The company is targeting the Caribbean and Central America cities of Punta Cana, Dominican Republic; Panama City, Panama; Los Cabos, Mexico and Puerto Penasco, Mexico. Its first project in the Dominican Republic is Cana Bay Beach Club & Resort. It hopes to break into the US markets in early 2008.
The expansion strategy will be spearheaded by Raminova America's CEO Evagrio Sanchez and Raminova CEO Angel Ramirez. Sanchez is a former Sol Melia executive who led the hotel chain's introduction and growth in the Americas between 1991 and 2001. He has been in his current position with Raminova for the past eight years.

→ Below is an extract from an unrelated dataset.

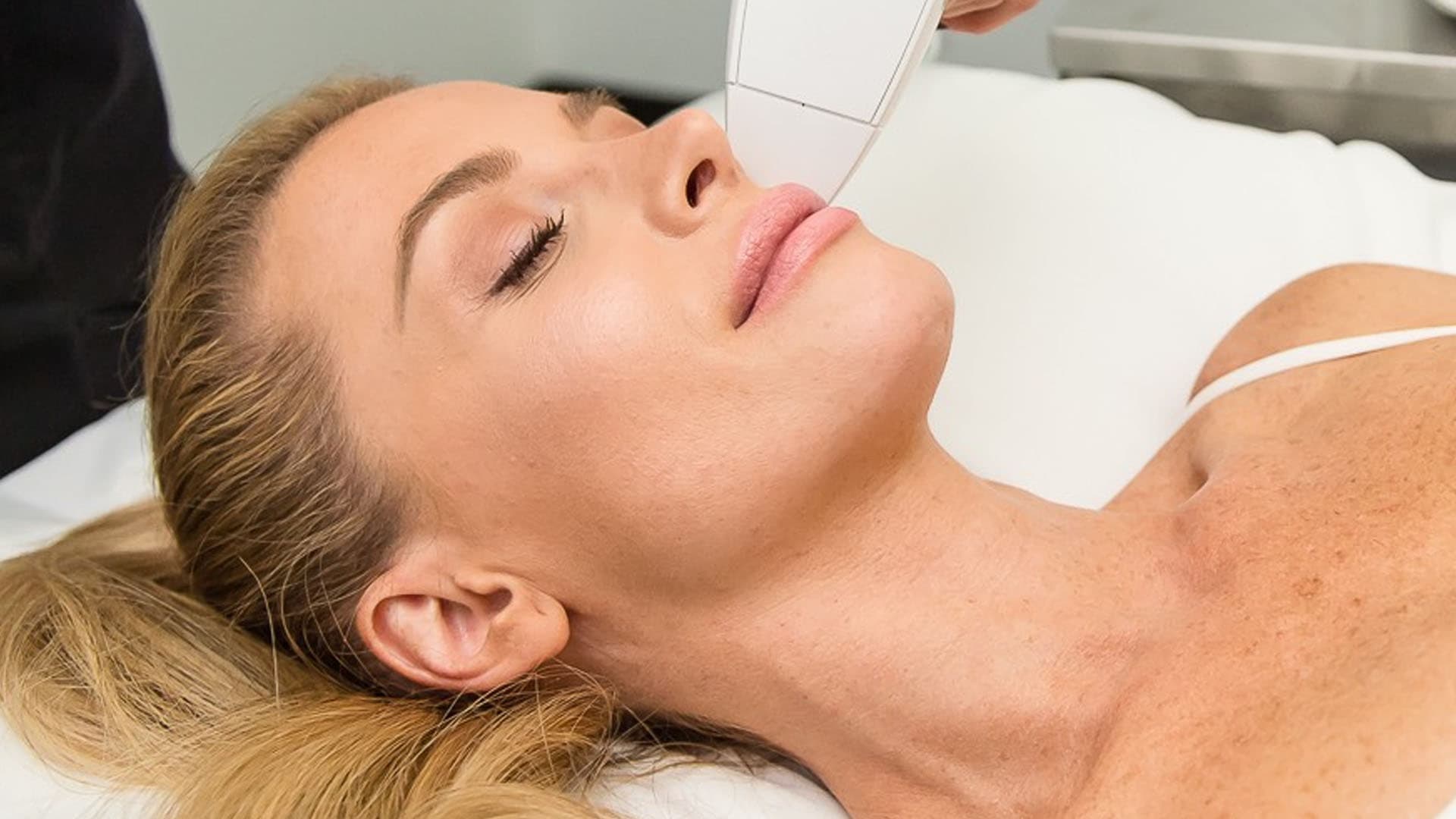 Patient receiving a Venus Viva NanoFractional Radio Frequency treatment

Sanchez tells GlobeSt.com that in the Dominican Republic the company is developing a golf and beach resort with condos that have one, two and three bedrooms. In Puerto Peñasco, Mexico, Raminova is developing a marina that will have condos, a yacht club, and possibly a hotel. Plans for Los Cabos, Mexico include a golf and beach resort with condos and villas and, in Panama City call for developing a building that will be a hotel as well as an office building.

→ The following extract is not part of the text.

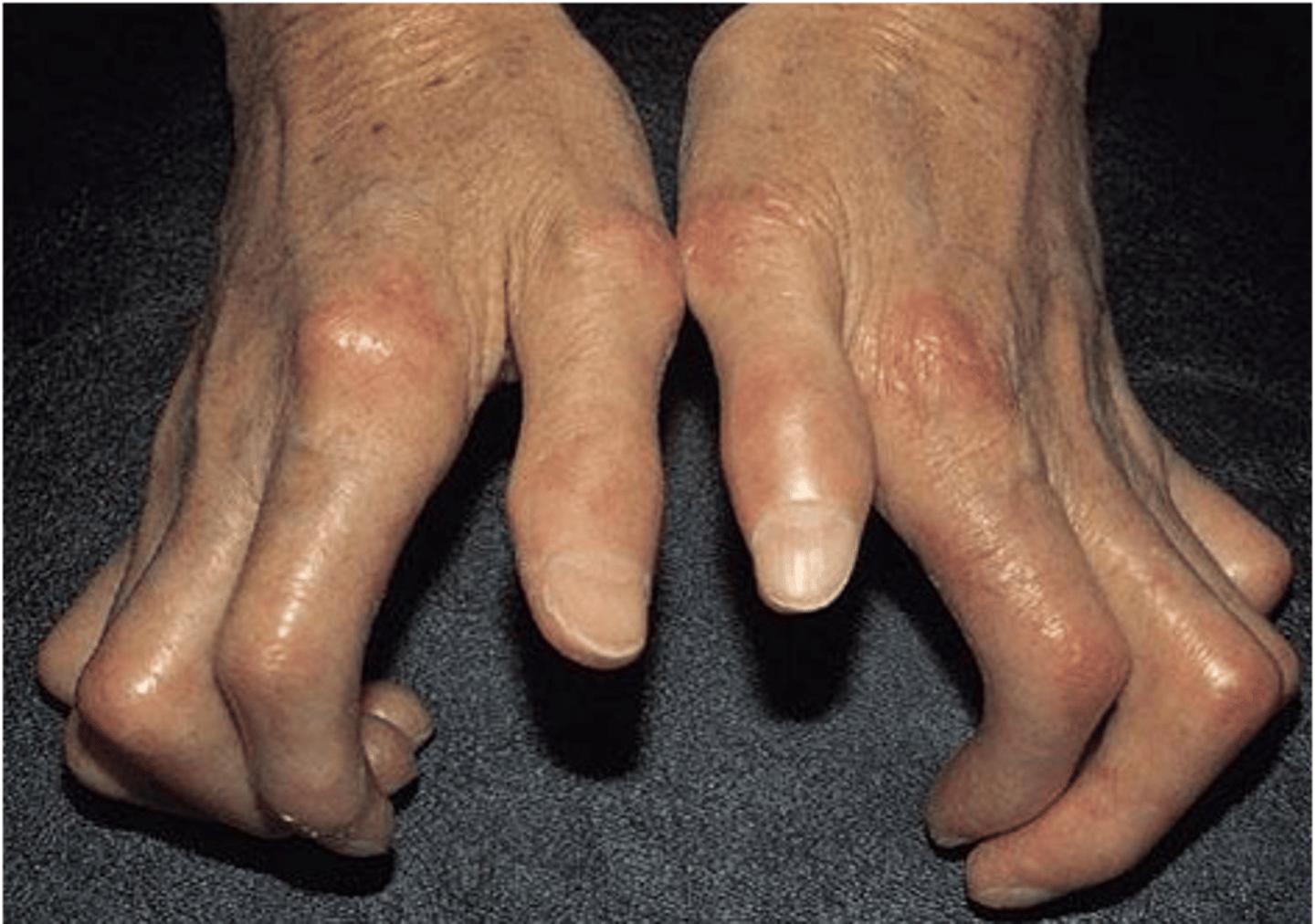 <p>-disease that involves the hardening and tightening of skin and connective tissues<br>-thickening and inflammation over joints is a classic sign<br>-symptoms vary depending on systems affected<br>-affects women &gt; men<br>-age of onset 30-50<br>-no cure</p>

Cana Bay Beach Club & Golf Resort is built around a Nicklaus Design 18-hole golf course. It consists of about 4,800 condos that have one, two or three bedrooms, with prices ranging from $170,000 to $500,000. The project will break ground by the end of 2007 and the pre-construction sales start in January 2008.

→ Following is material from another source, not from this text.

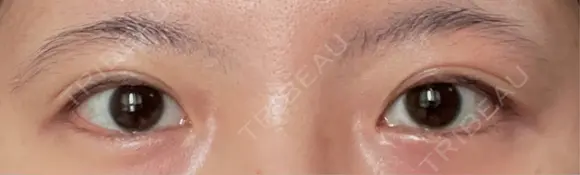 二重切開 EMMA CLINIC（エマクリニック） BEFORE メイン用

The company is targeting these areas because the demand for second homes is rising in the Caribbean and Central America due to lower prices and higher returns than investments in the US market. More than 78 million Baby Boomers are preparing to retire in the coming years and these markets have become increasingly popular. "Basically, the US dollar goes a long way in the Caribbean and Central America, as compared to US real estate prices," Sanchez says.